If a user needs write access to all the warehouses or SQL analytics endpoints in a workspace, assign them to a workspace role. Unless a user needs to assign other users to workspace roles, the Contributor role should be used.
If a user only needs to write to specific warehouses or SQL analytics, grant them direct access through SQL permissions.
SQL read access
There are two ways for a user to be granted read access to a warehouse or SQL analytics endpoint:
- Grant read access through the ReadData permission, granted as part of the Fabric workspace roles. All four workspace roles grant the ReadData permission.
- Grant read access to the SQL engine, and grant custom SQL permissions to read to some or all the data.
If a user is a member of a Fabric workspace role, they're given the ReadData permission. The ReadData permission maps the user to a SQL role that gives SELECT permissions on all tables in the warehouse or lakehouse. This permission is helpful if a user needs to see all or most of the data in the lakehouse or warehouse. Any SQL DENY permissions set on a particular lakehouse or warehouse still apply and limit access to tables. Additionally, row and column level security can be set on tables to restrict access at a granular level.
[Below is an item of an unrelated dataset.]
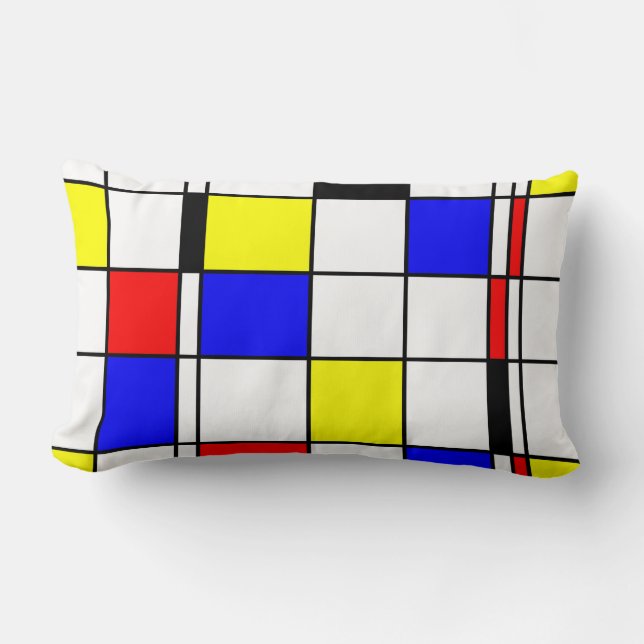 Mondrian art style lumbar cushion (Front)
If a user only needs access to a specific lakehouse or warehouse, the share feature provides access to only the shared item. During the share, users can choose to give only Read permission or Read + ReadData. Granting Read permission allows the user to connect to the warehouse or SQL analytics endpoint but gives no table access. Granting users the ReadData permissions gives them full read access to all tables in the warehouse or SQL analytics endpoint. In both cases, additional SQL security can be configured to grant or deny access to specific tables. This SQL security can include granular access control such as row or column level security.
Use with shortcuts
Shortcuts are a OneLake feature that allows for data to be referenced from one location without physically copying the data. Shortcuts are a powerful tool that allows for data from one lakehouse to be easily reused in other locations without making duplicate copies of data.
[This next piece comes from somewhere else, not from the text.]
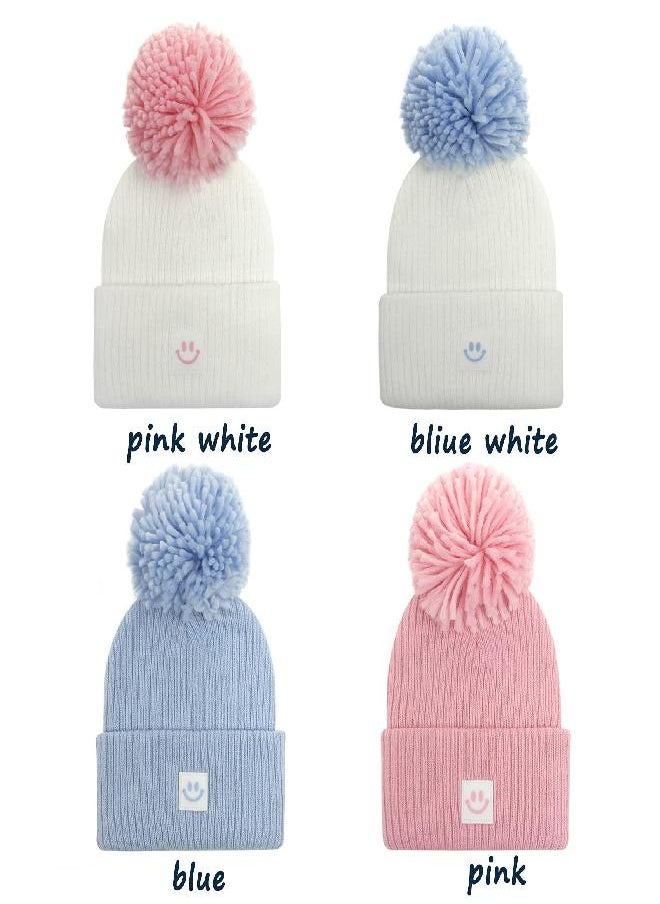 Asufegucd Newborn Baby Girl Boys Beanie Hat- Infant Baby Winter Warm Hats,Kids Knit Cap Toddler Pom Pom Beanies Caps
Warehouses in Fabric don't support shortcuts. However, there is special behavior for how the SQL analytics endpoint for a lakehouse interacts with shortcuts.
All shortcuts in a lakehouse are accessed in a delegated mode when querying through the SQL analytics endpoint. The delegated identity is the Fabric user that owns the lakehouse. By default the owner is the user that created the lakehouse and SQL analytics endpoint. The owner can be changed in select cases and the current owner is displayed in the Owner column in Fabric when viewing the item in the workspace item list. The delegated behavior means that a querying user is able to read from shortcut tables if the owner has access to the underlying data, not the user executing the query. The querying user only needs access to select from the shortcut table.
Note
For example, UserA is the owner of a lakehouse and UserB is running a query on a table that is a shortcut. UserB must first have read access on the table, whether through ReadData or through SQL permissions. In order to see data, the query then checks if UserA has access to the shortcut. If UserA has access, UserB will see the query results. If UserA does not have access, the query will fail.
For lakehouses using the OneLake data access roles feature, access to a shortcut is determined by whether the SQL analytics endpoint owner has access to see the target lakehouse and read the table through a OneLake data access role.
For lakehouses that are not yet using the OneLake data access roles feature, shortcut access is determined by whether the SQL analytics endpoint owner has the Read and ReadAll permission on the target path.